In this book, journalist Jesse Singal does an impressive job of de-hyping the overblown claims of psychological "quick fixes" over the years, most of them relatively recent. In each case, these fads often have a kernel of validity. But they get stretched into easy panaceas that promise (falsely) to remedy what ails you. And also usher in a new era of social tranquility.
Up first, is "self-esteem". I got this bug at an early age, because I read Atlas Shrugged, and it's something John Galt plugged in his lengthy speech near the end. He uses the term 25 times (thanks for counting them, Google Chrome) and defines it thusly:
My morality, the morality of reason, is contained in a single axiom: existence exists—and in a single choice: to live. The rest proceeds from these. To live, man must hold three things as the supreme and ruling values of his life: Reason—Purpose—Self-esteem. Reason, as his only tool of knowledge—Purpose, as his choice of the happiness which that tool must proceed to achieve—Self-esteem, as his inviolate certainty that his mind is competent to think and his person is worthy of happiness, which means: is worthy of living. These three values imply and require all of man’s virtues, and all his virtues pertain to the relation of existence and consciousness: rationality, independence, integrity, honesty, justice, productiveness, pride.
Doesn't sound too bad! But Singal shows how this simple concept quickly got cartoonified by hucksters and politicians, leading to wasteful and misguided policies. (Especally, of course, in California.)
In subsequent chapters, Singal looks at "superpredators" (all we need to do is lock up a small number of bad apples for a long time); "power posing" (all you need to do to get ahead is use body language to look assertive); "positive psychology" (updating Norman Vincent Peale to cure PTSD); "grit" (you can overcome lack of intelligence by sheer persistence); "implicit bias" (this one simple test shows that white people are racist); "priming" (people can be easily fooled into acting the way you want by providing subtle visual/aural hints first); and "nudging" (pre-arranging choice architectures to channel your behavior beneficially).

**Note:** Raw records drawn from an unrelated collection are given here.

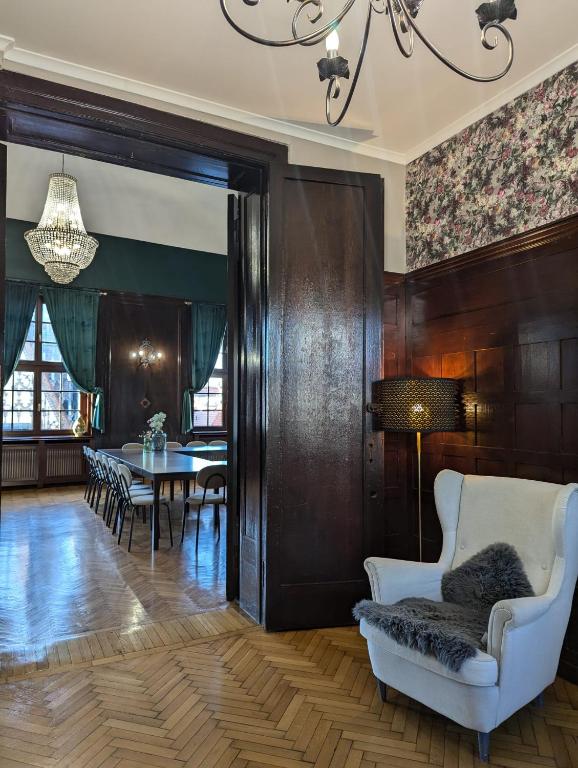 Istumisnurk majutusasutuses RYNEK 30 Hostel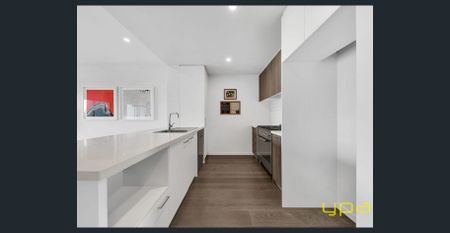 Modern and Convenient Open Plan Living - Photo 5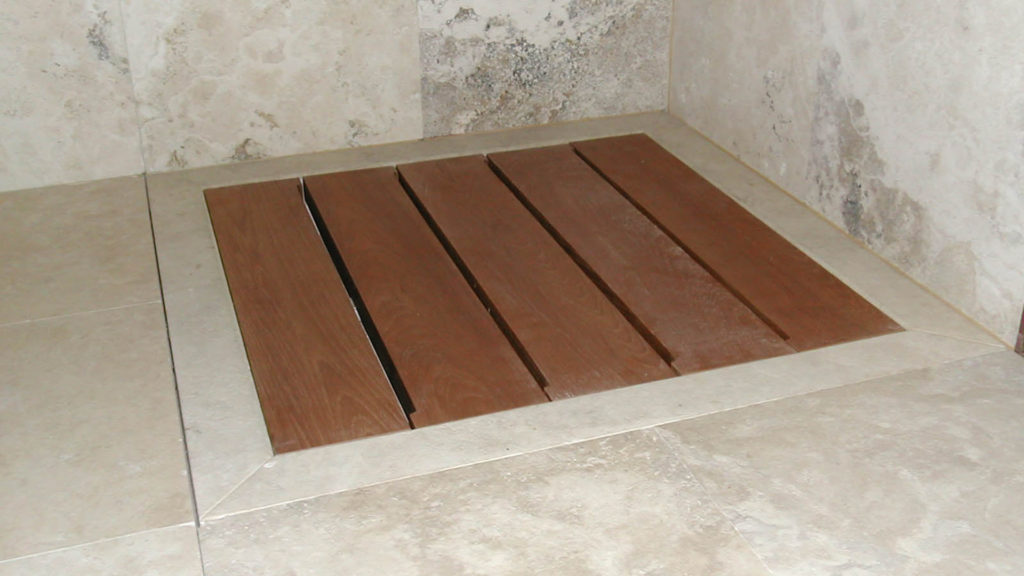 Travertine shower base "Doghe Legno"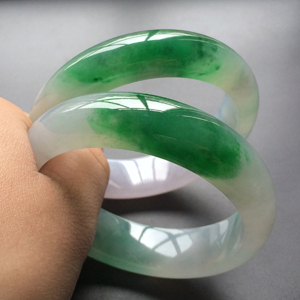 冰种飘翠手镯(一对)(57.4mm/57.6mm)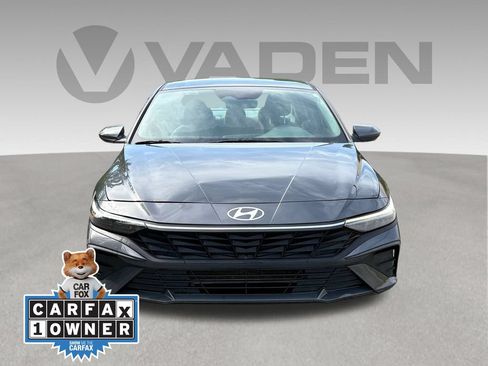 Used 2024 Hyundai Elantra SEL FWD image 2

Singal probably doesn't share my conservative/libertarian politics; for example, in the "nudging" chapter he approvingly quotes Robert Kuttner, who disdains the nudge in favor of good old "command and control" mandated by Uncle Stupid. Why shouldn't government just make the decisions it deems best, and force everyone to conform? (E.g., Mike Bloomberg and Bill de Blasio didn't "nudge" New Yorkers to avoid "large sugary drinks", they just tried to ban them.)
That's a shame, but the debunking part of Singal's book is extremely valuable, highlighting the never-ending appeal the psychological version of the classic clickbait: "This one simple trick has been shown to solve all your problems!"